■ SOURCE DATA ■
+===+
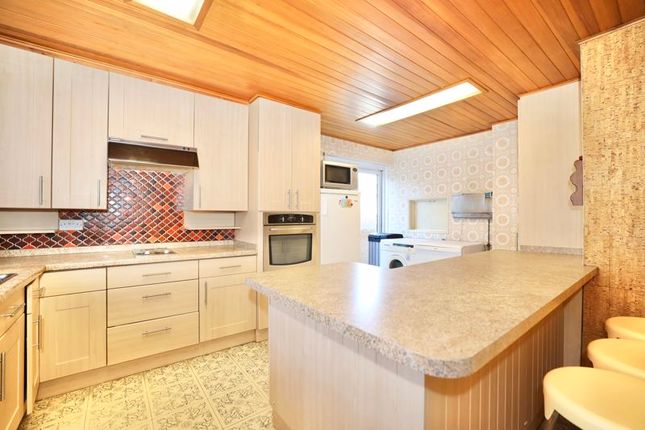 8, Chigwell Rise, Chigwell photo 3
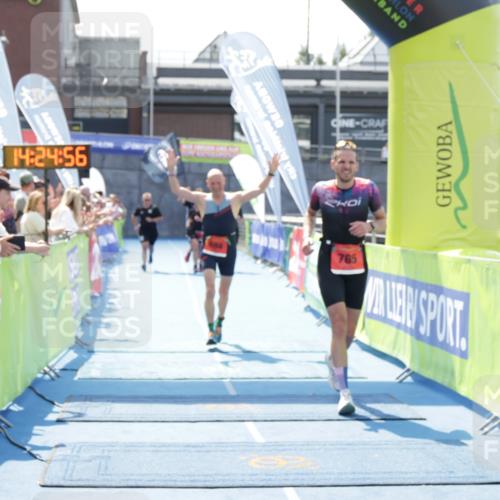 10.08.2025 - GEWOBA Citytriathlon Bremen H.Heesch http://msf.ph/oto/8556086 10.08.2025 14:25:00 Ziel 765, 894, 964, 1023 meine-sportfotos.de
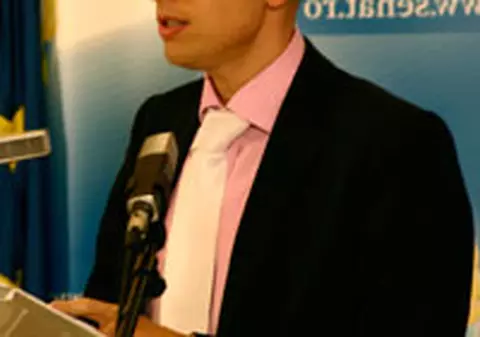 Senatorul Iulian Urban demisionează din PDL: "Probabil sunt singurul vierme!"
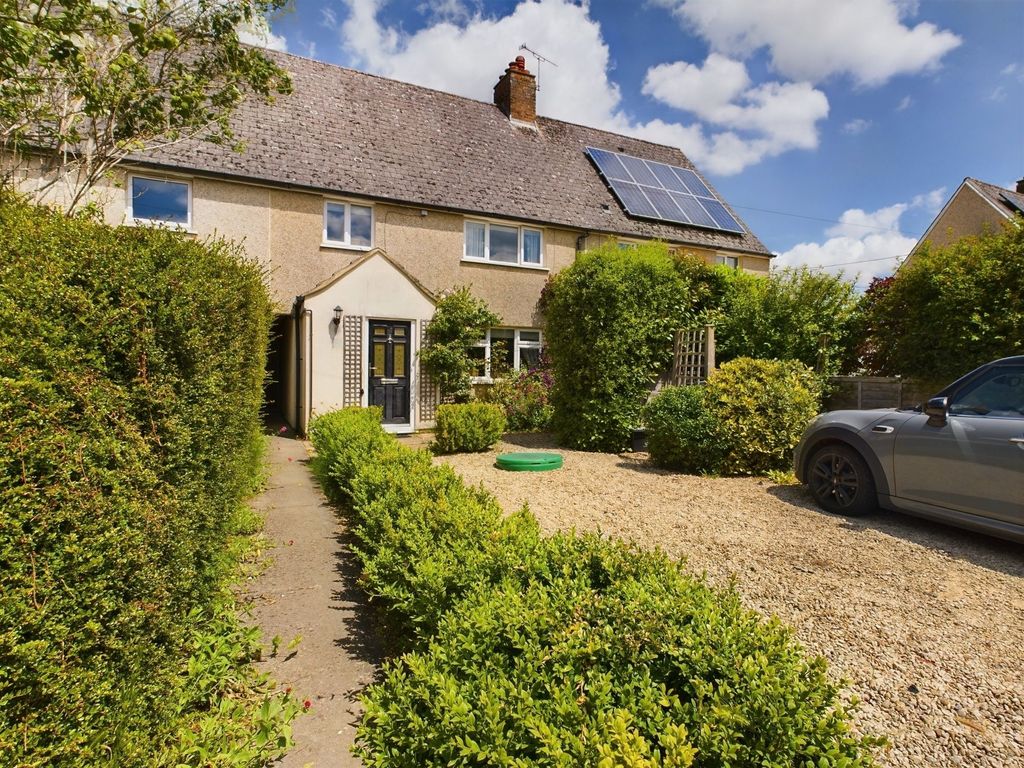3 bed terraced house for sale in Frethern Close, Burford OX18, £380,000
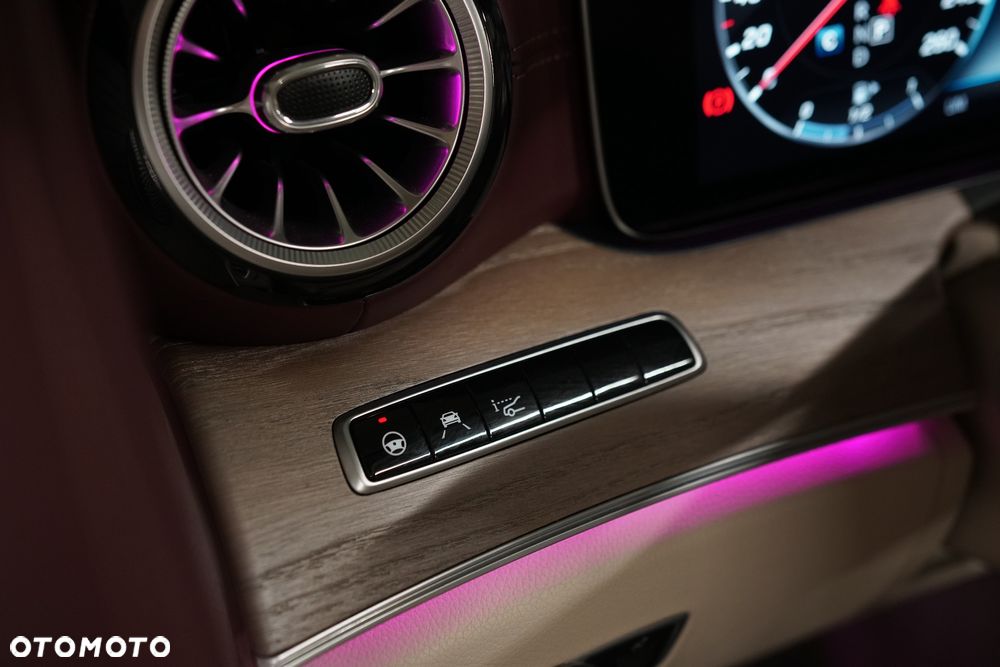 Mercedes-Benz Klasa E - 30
+===+
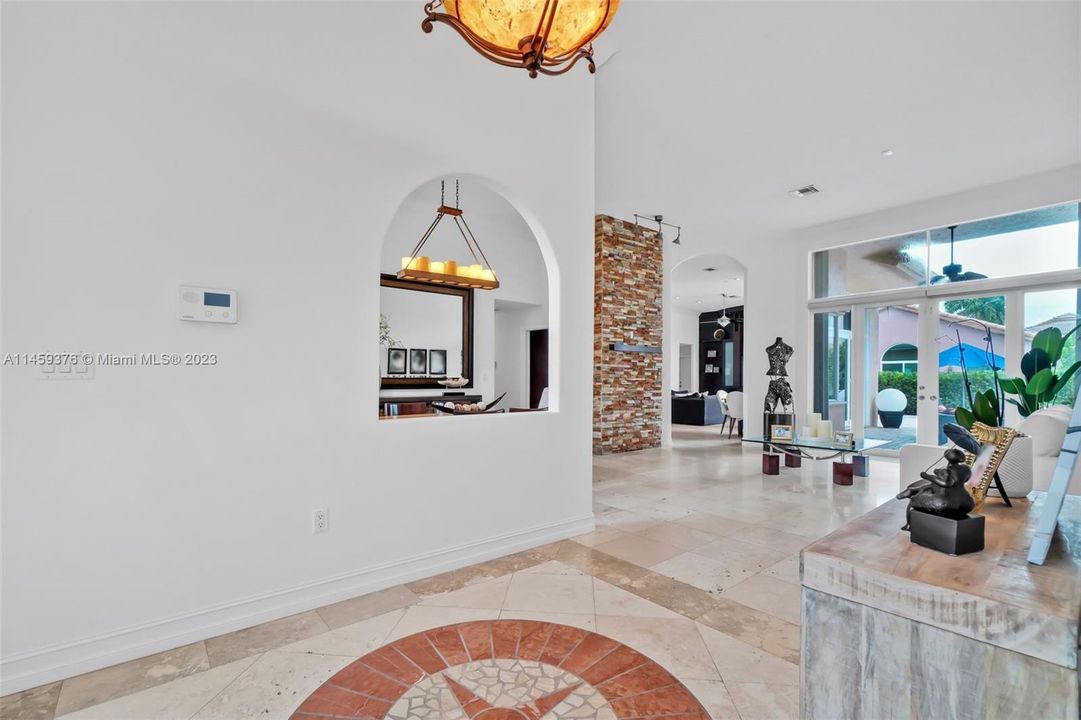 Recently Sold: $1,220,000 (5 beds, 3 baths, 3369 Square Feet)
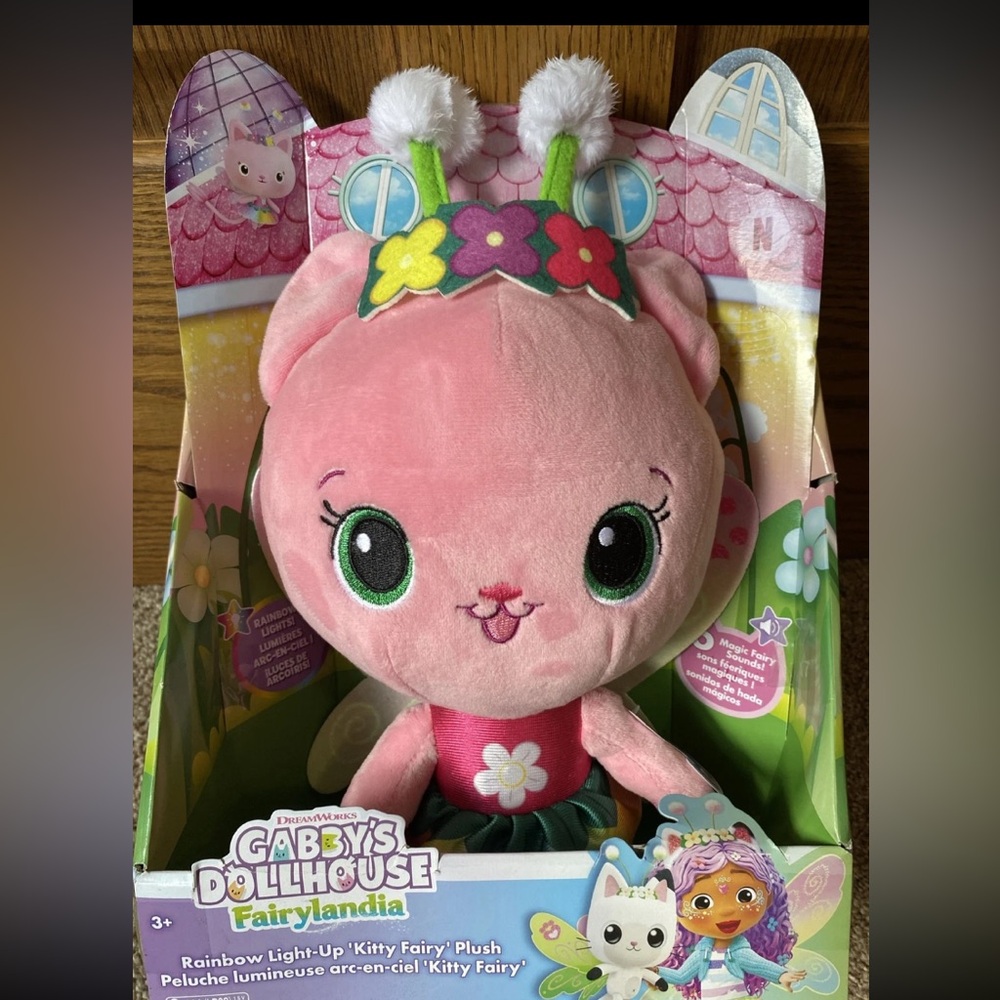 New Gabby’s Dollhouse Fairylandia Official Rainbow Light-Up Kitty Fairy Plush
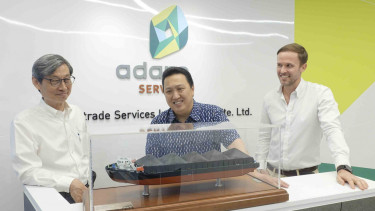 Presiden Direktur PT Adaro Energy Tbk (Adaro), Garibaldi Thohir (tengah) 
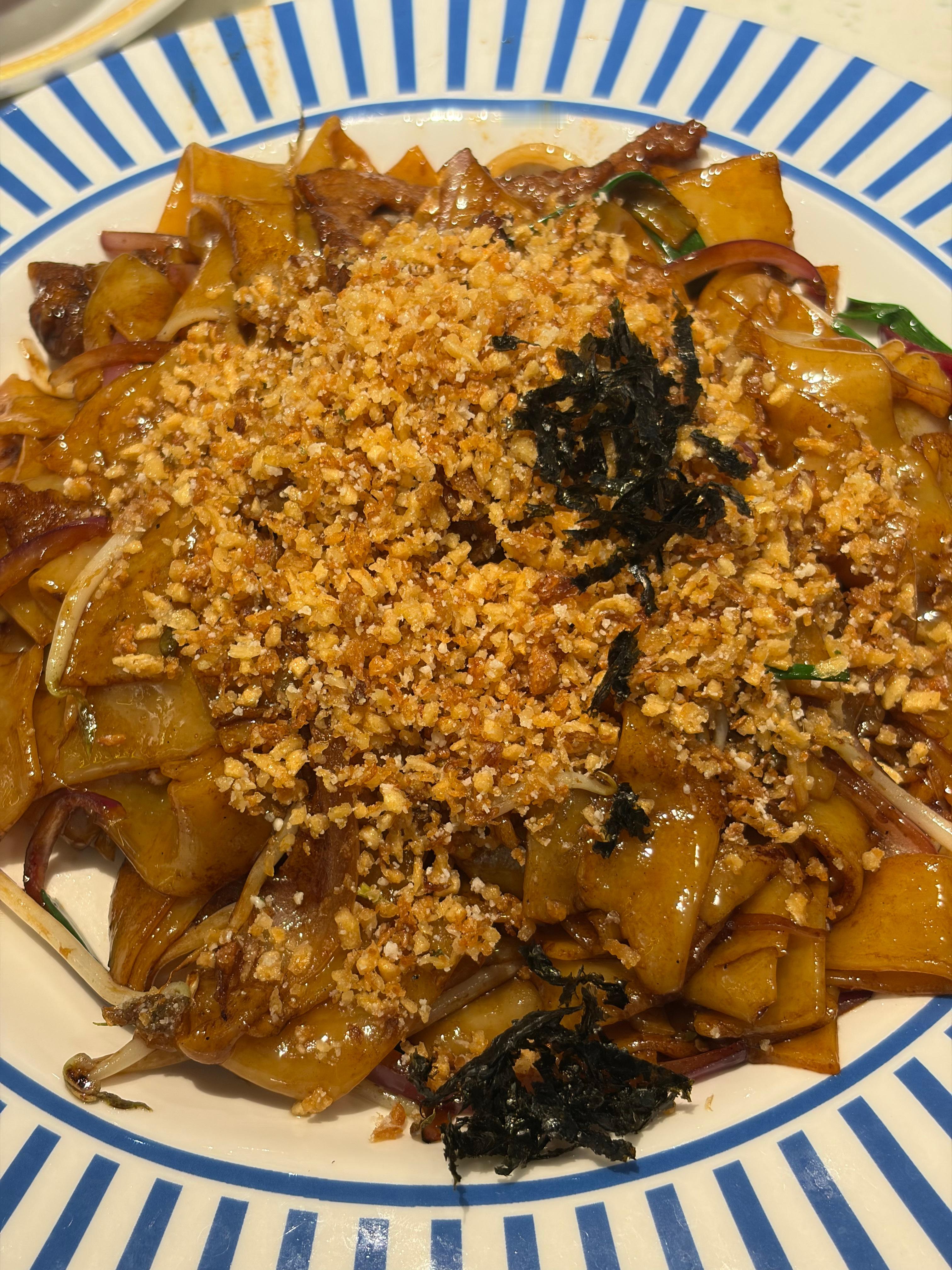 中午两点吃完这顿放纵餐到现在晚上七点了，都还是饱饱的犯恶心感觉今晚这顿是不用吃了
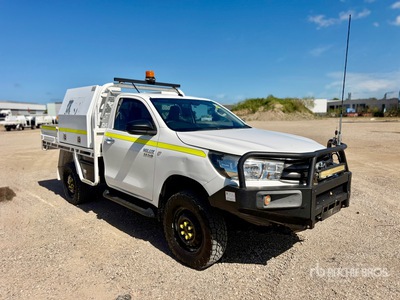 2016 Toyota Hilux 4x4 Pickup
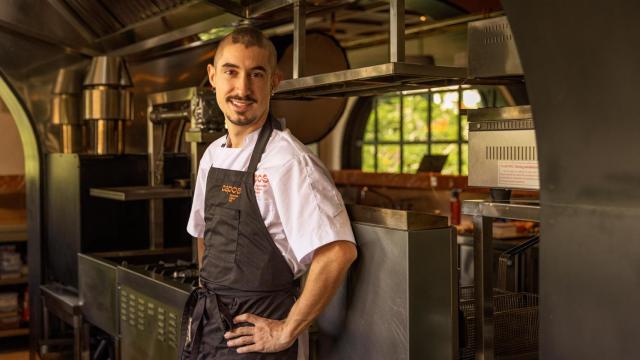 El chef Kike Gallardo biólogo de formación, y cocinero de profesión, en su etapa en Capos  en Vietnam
+===+
■ TASK BRIEF ■
Using the data above, print only the lines starting at the one with "Presiden Direktur PT" and ending at the one with "El chef Kike", exactly as they stand, minus the pictures.

■ TASK ANSWER ■
 Presiden Direktur PT Adaro Energy Tbk (Adaro), Garibaldi Thohir (tengah) 
 中午两点吃完这顿放纵餐到现在晚上七点了，都还是饱饱的犯恶心感觉今晚这顿是不用吃了
 2016 Toyota Hilux 4x4 Pickup
 El chef Kike Gallardo biólogo de formación, y cocinero de profesión, en su etapa en Capos  en Vietnam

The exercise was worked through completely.